> [Work request]: Take the lines from the one with "Test Bank&colon; Lifespan" to the end of the listing, both ends included, and quote them exactly, leaving pictures out.

> [Records supplied]:
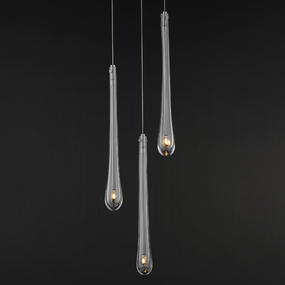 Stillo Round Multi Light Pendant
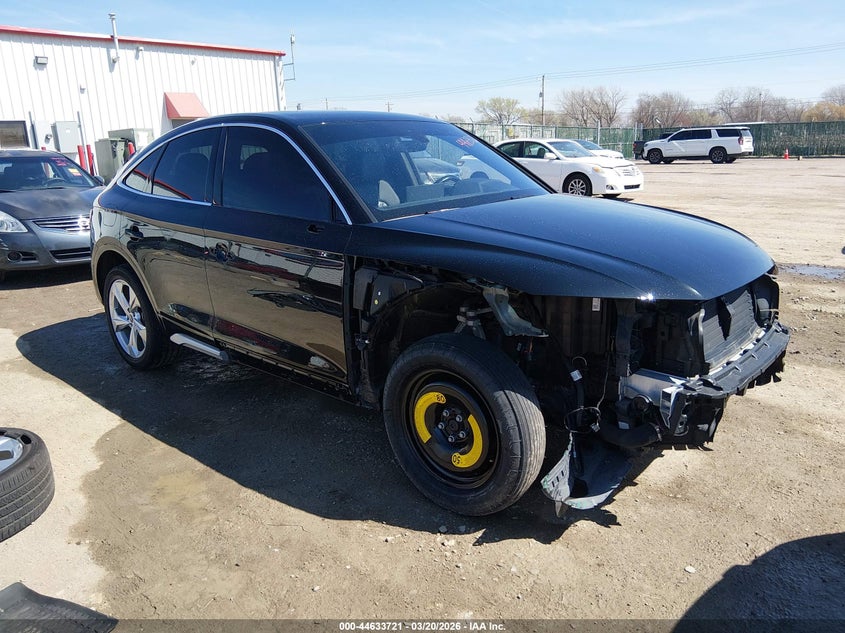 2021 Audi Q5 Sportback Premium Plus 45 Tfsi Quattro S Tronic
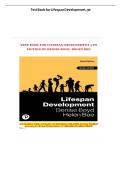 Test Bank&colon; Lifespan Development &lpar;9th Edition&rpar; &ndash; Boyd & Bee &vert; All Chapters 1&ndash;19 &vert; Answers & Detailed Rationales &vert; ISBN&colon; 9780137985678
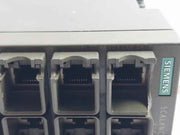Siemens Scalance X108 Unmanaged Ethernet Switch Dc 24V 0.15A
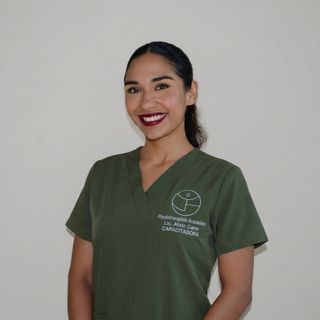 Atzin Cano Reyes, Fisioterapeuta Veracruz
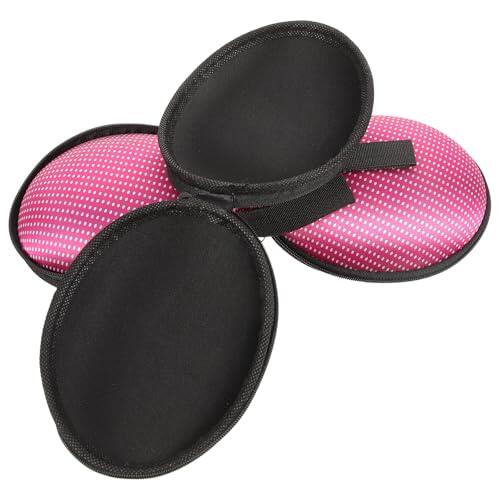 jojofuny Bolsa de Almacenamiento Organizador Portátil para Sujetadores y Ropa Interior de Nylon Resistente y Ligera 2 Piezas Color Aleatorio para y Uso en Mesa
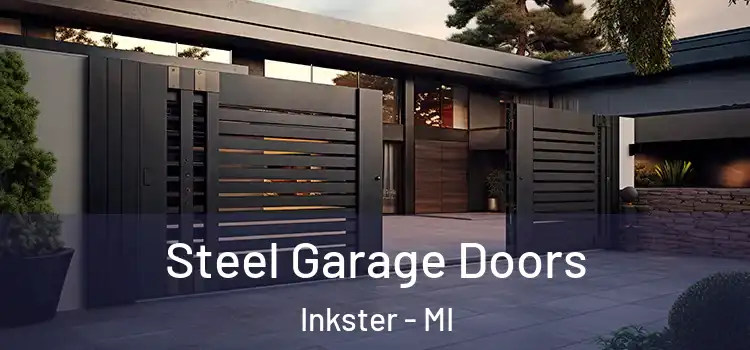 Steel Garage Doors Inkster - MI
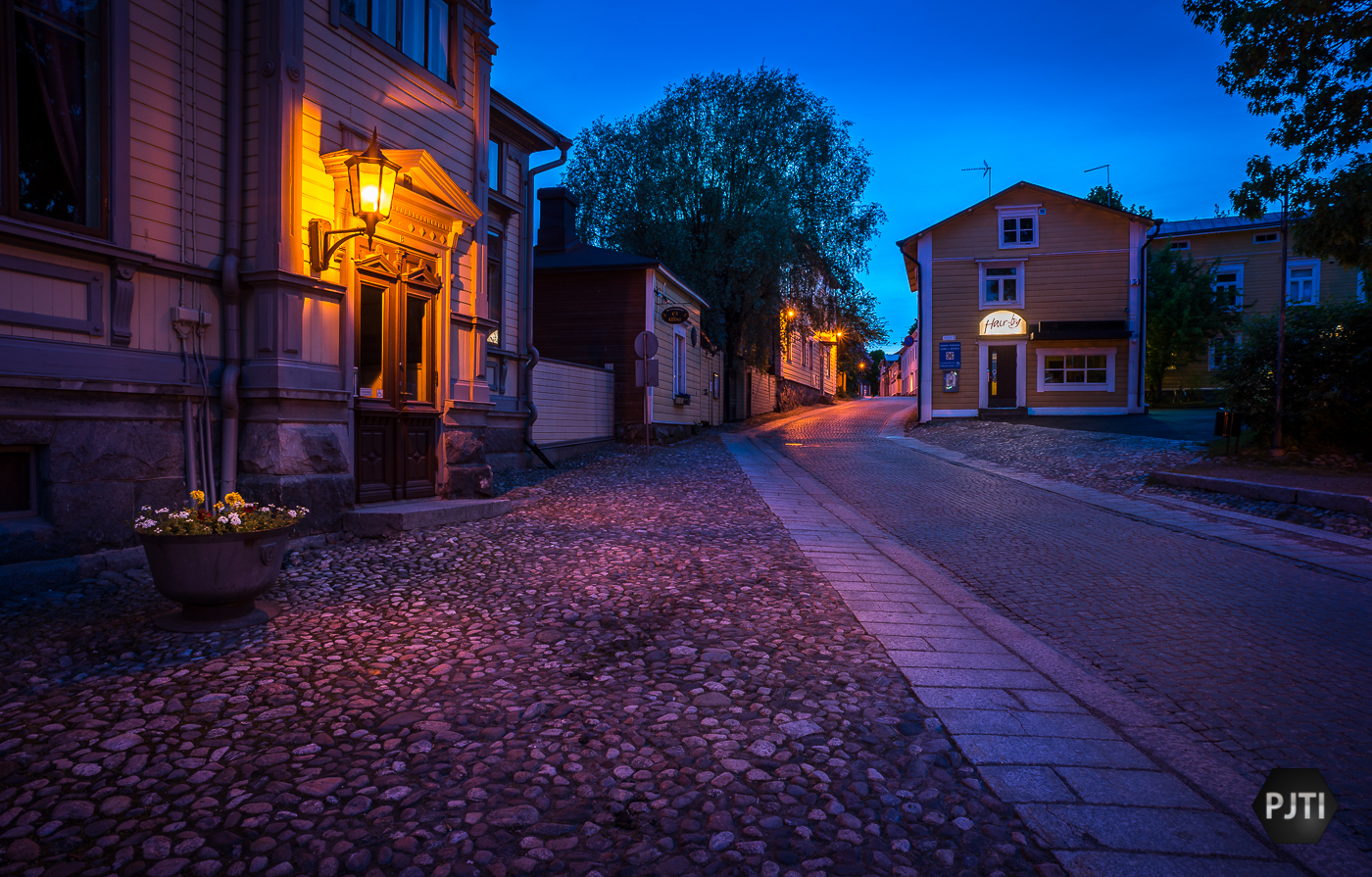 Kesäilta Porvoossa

> [Exercise answer]:
 Test Bank&colon; Lifespan Development &lpar;9th Edition&rpar; &ndash; Boyd & Bee &vert; All Chapters 1&ndash;19 &vert; Answers & Detailed Rationales &vert; ISBN&colon; 9780137985678
Siemens Scalance X108 Unmanaged Ethernet Switch Dc 24V 0.15A
 Atzin Cano Reyes, Fisioterapeuta Veracruz
 jojofuny Bolsa de Almacenamiento Organizador Portátil para Sujetadores y Ropa Interior de Nylon Resistente y Ligera 2 Piezas Color Aleatorio para y Uso en Mesa
 Steel Garage Doors Inkster - MI
 Kesäilta Porvoossa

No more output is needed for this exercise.